Około 450 osób wzięło udział we wczorajszym internetowym spotkaniu, współorganizowanym przez „Rz”, poświęconym funduszom unijnym dla firm z programu „Innowacyjna gospodarka”. Najistotniejsze, obowiązujące od lutego zmiany w zasadach przyznawania dotacji omawiała Agnieszka Jankowska, dyrektor departamentu zarządzania programami konkurencyjności i innowacyjności w Ministerstwie Rozwoju Regionalnego oraz Magdalena Burnat-Mikosz, szefowa działu dotacji i ulg inwestycyjnych w Deloitte.
Internauci zadali ponad 200 pytań na temat zmian wynikających z nowych regulacji unijnych oraz uproszczeń, które na polskim gruncie wprowadza resort rozwoju regionalnego. – Procedury czy kryteria ocen opierają się na często zmieniających się rozporządzeniach. Ich interpretacja nastręcza wiele problemów – mówi Łukasz Marszałek z firmy Ameritech Software Group.
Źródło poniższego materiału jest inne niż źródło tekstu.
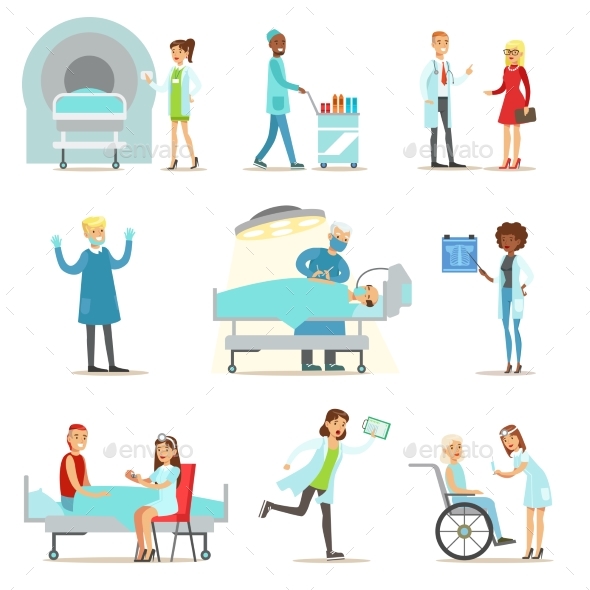 Injured and Sick Patients in The Hospital - People Characters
Wiele wątpliwości budzi m.in. obowiązek wykazania tzw. efektu zachęty. Dotyczy on jedynie dużych przedsiębiorstw, które muszą udowodnić, że bez unijnego grantu nie zrealizują inwestycji lub będzie ona miała mniejszy zakres. Małe i średnie firmy zwolnione są z przygotowywania tego typu analiz. Jak tłumaczyła Agnieszka Jankowska, to, czy duży podmiot wykazał, że przy jego inwestycji występuje efekt zachęty, oceniane będzie na etapie weryfikacji merytorycznej wniosku. Jednak firma, czekając na ocenę projektu, może ruszyć z jego realizacją już następnego dnia po złożeniu dokumentów. Czyni to jednak na własne ryzyko – refundacja poniesionych kosztów jest uwarunkowana decyzją przyznania wsparcia. Małe i średnie firmy również mogą rozpocząć realizację projektów niezwłocznie po złożeniu wniosku o grant.
Lutowe zmiany w zasadach przyznawania i wypłaty unijnych środków mogą nie być ostatnimi. Eksperci mają już kolejne pomysły na usprawnienie systemu. – Obecnie przedsiębiorcy muszą czekać wiele miesięcy na weryfikację dokumentów potwierdzających wydatki, a tym samym wypłatę dotacji. Byłoby im łatwiej, gdyby weryfikacja dokumentów nie wstrzymywała wypłaty kwoty, o którą wnioskowano – albo choćby jej części – np. 80 proc. Reszta trafiłaby do firmy po pozytywnej kontroli projektu – proponuje Jan Wierzbicki, szef firmy CBC. Artur Bartoszewicz, ekspert PKPP Lewiatan, dodaje: – Taki system mógłby dotyczyć podmiotów, które już raz prawidłowo rozliczyły unijny grant. Jednak zdaniem MRR to zbyt ryzykowne rozwiązanie.
Zmiany przepisów niosą także istotne modyfikacje w kryteriach oceny wniosków. Jak zapowiada Agnieszka Jankowska, w przyszłym tygodniu ukaże się pełna wersja przewodnika po kryteriach oceny wniosków.